What is required:
Retype, without changes, every line from the line that contains "foyer featuring crown" through the final line of the records. Exclude pictures.

Short web captions
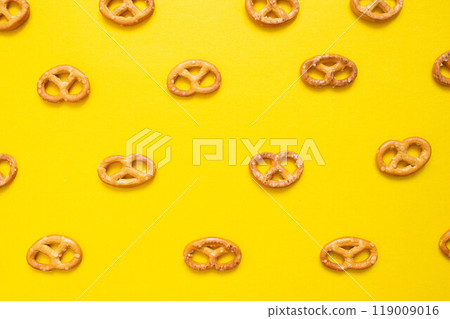 Pretzel in a plate on an isolated background. Pretzel texture. 119009016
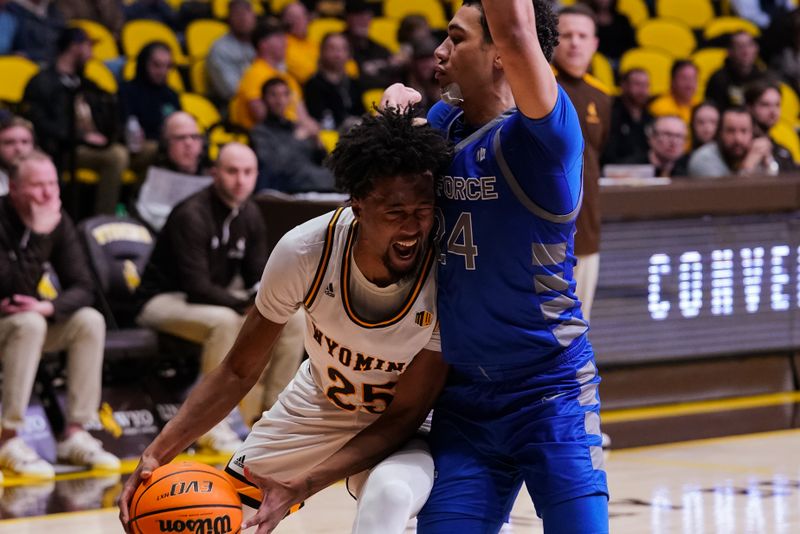 Feb 17, 2023; Laramie, Wyoming, USA; Wyoming Cowboys forward Jeremiah Oden (25) is defended by Air Force Falcons guard Jeffrey Mills (24) during the second half at Arena-Auditorium. Mandatory Credit: Troy Babbitt-USA TODAY Sports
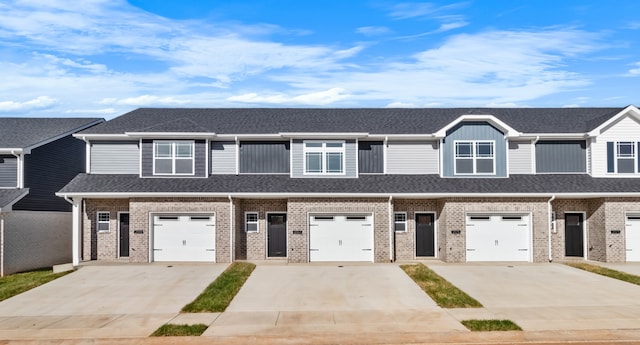 multi unit property featuring driveway, brick siding, an attached garage, and roof with shingles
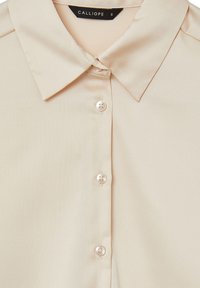 Blusa beige con colletto classico, dotata di sei bottoni frontali, texture liscia e dettagli di cucitura minimali. Etichetta del marchio: Calliope.
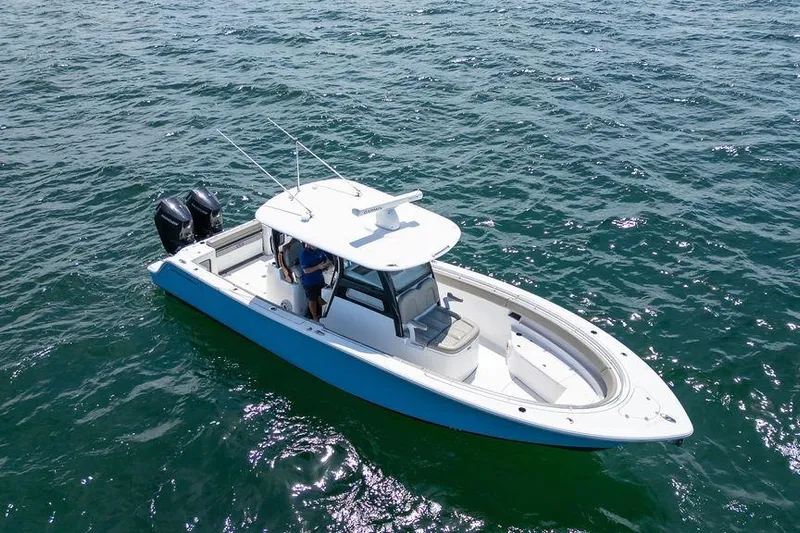 Change Clothes Yacht Photos Pics 2023 Sportsman Open 322 Center Console boat on open water, aerial view.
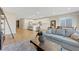 Open-concept living space with a modern kitchen, dining area, and comfortable seating area at 3495 Luca Point Ave, Henderson, NV 89044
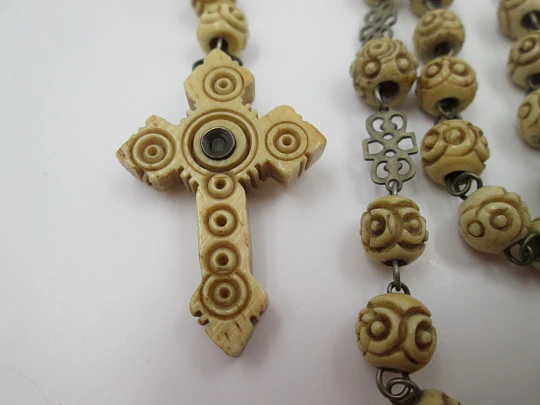 Carved bone rosary. Cross with viewer and Virgin of Montserrat medal. Silver plated. 1910's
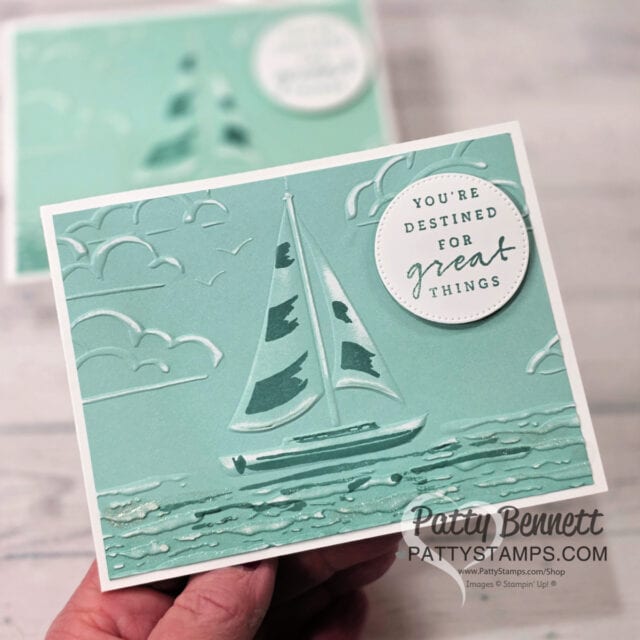 A hand holds a teal embossed greeting card featuring a sailboat on water with clouds in the sky. A white circle in the top right reads, "You're destined for great things." The card is displayed against a blurred background. To read more, visit Patty Stamps (pattystamps.com)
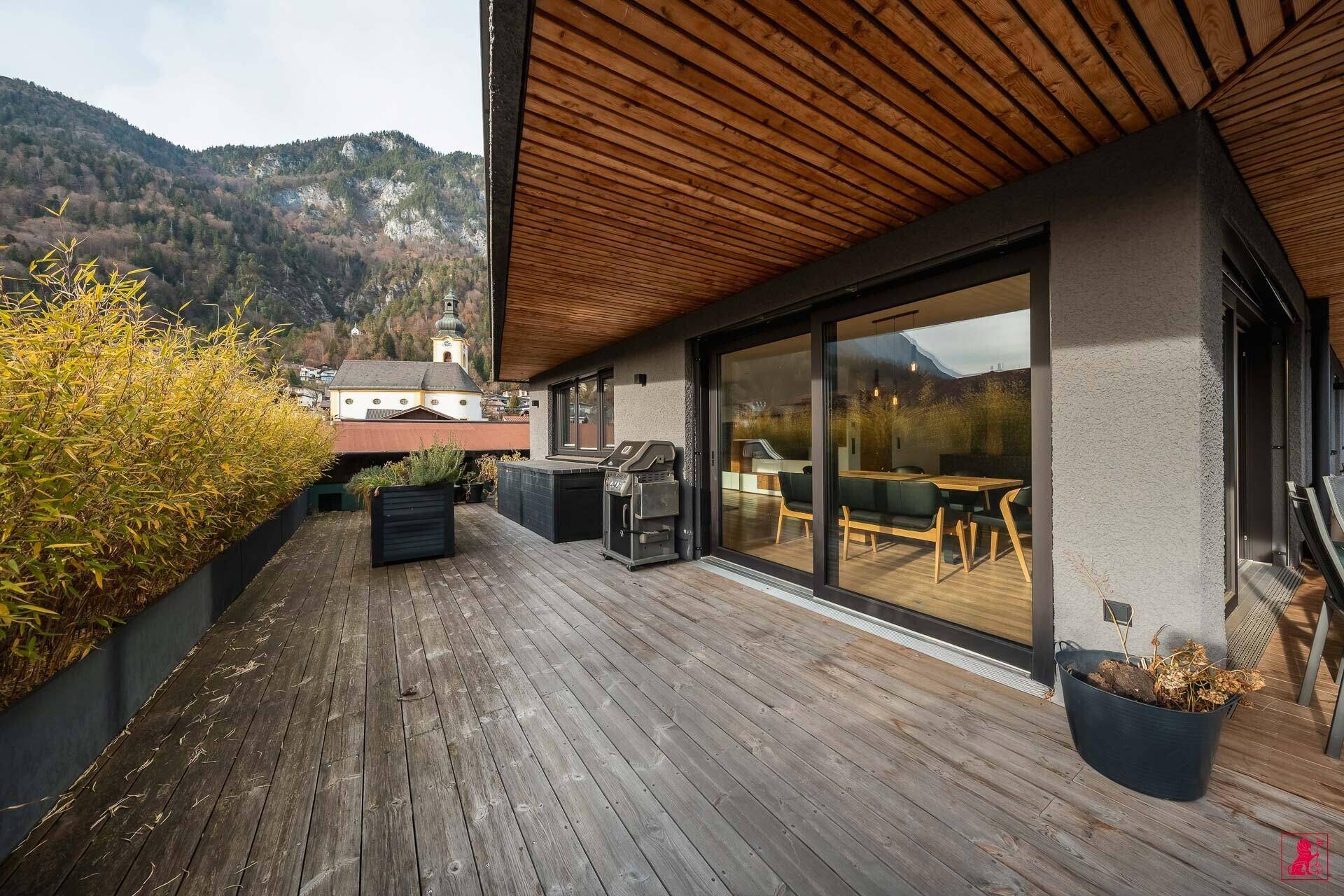 Holzterrasse mit Grillbereich und Blick auf die umliegende Berglandschaft und Kirche.
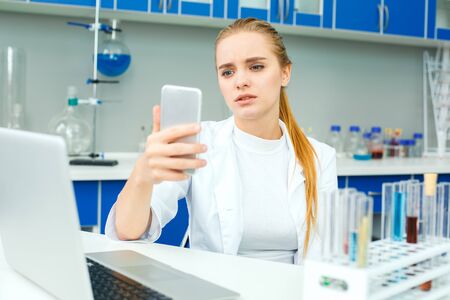 Young chemistry teacher in school laboratory workplace holding smartphoneの写真素材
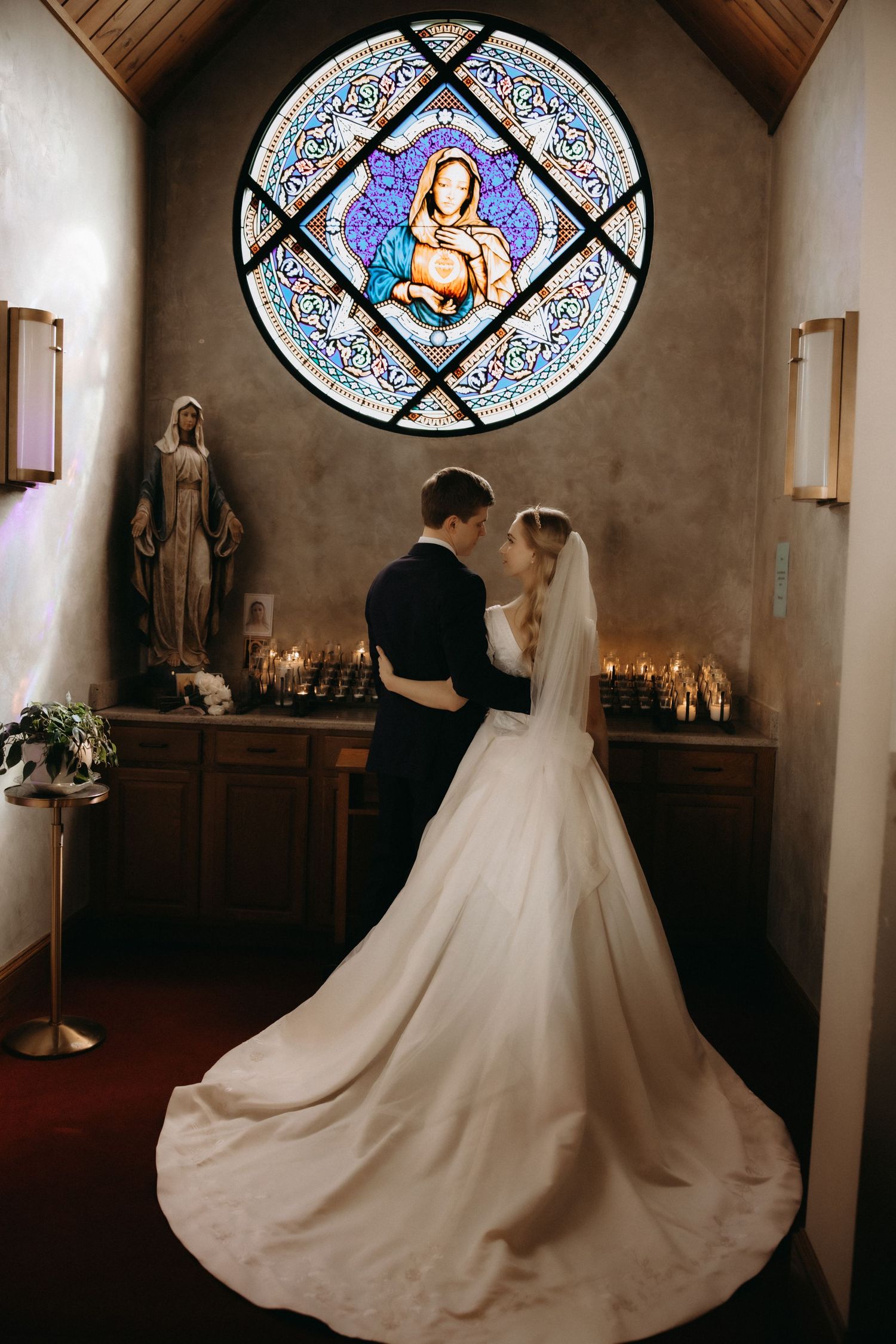Bride and groom share romantic moment in chapel with stunning stained glass Madonna window and candlelit altar.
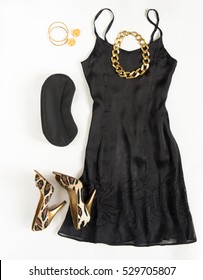 Christmas Party Outfit. Cocktail Dress Outfit, Night Out Look On White Background. Little Black Dress, Black Clutch, Leopard Shoes, Gold Necklace, Bracelets And Earrings. Flat Lay, Top View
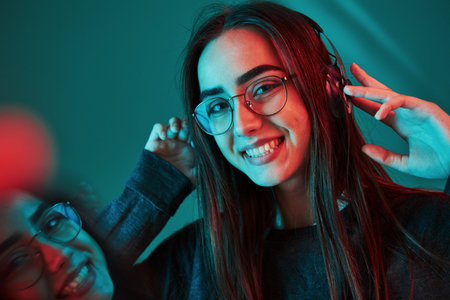 Cheerful mood. Studio shot indoors with neon light. Portrait of beautiful young girl.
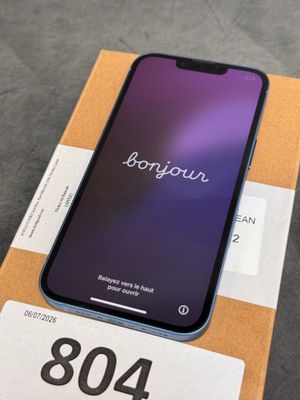 an iphone x is sitting on top of a box on a table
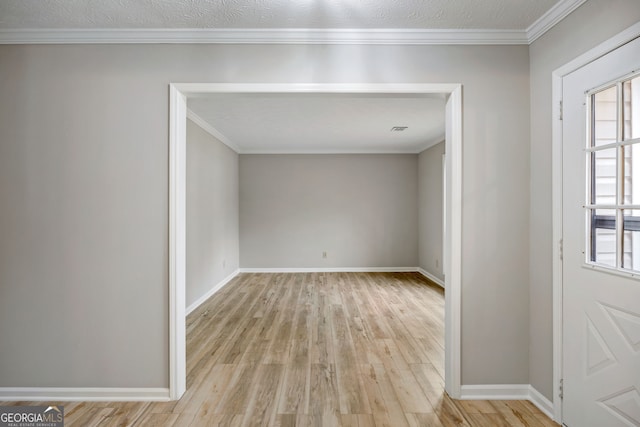 foyer featuring crown molding, wood finished floors, baseboards, and a textured ceiling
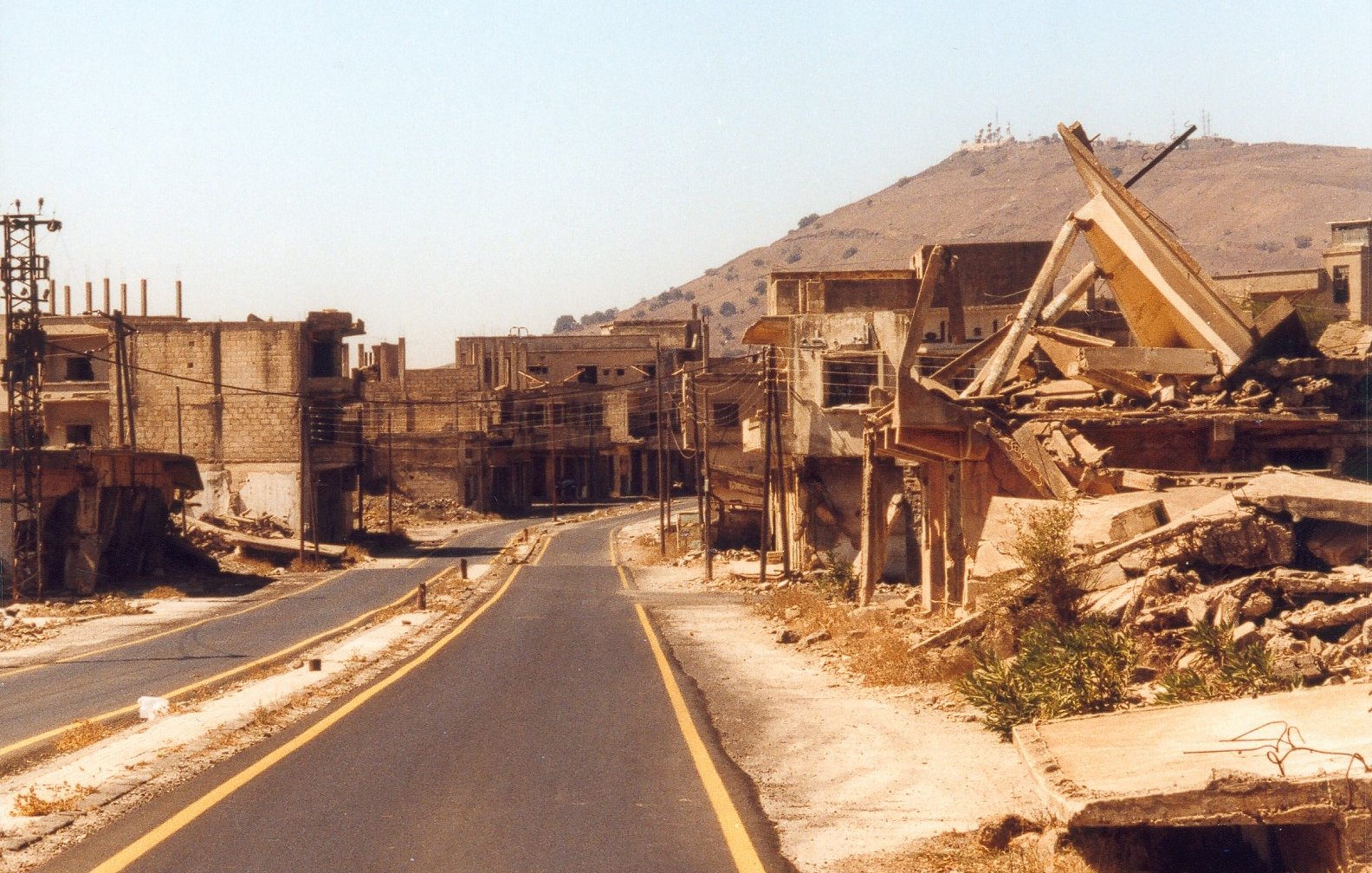 L'image montre une scène de destruction et de désolation. On peut voir une route déserte, bordée de bâtiments en ruines et de débris. Les structures semblent fortement endommagées, avec des murs effondrés et des fondations exposées. À l'arrière-plan, une colline se dresse, mais l'accent est principalement mis sur la destruction des habitations. L'atmosphère est empreinte de tristesse et d'abandon, suggérant que cet endroit a subi des conflits ou des catastrophes.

Answer to this task:
 foyer featuring crown molding, wood finished floors, baseboards, and a textured ceiling
 L'image montre une scène de destruction et de désolation. On peut voir une route déserte, bordée de bâtiments en ruines et de débris. Les structures semblent fortement endommagées, avec des murs effondrés et des fondations exposées. À l'arrière-plan, une colline se dresse, mais l'accent est principalement mis sur la destruction des habitations. L'atmosphère est empreinte de tristesse et d'abandon, suggérant que cet endroit a subi des conflits ou des catastrophes.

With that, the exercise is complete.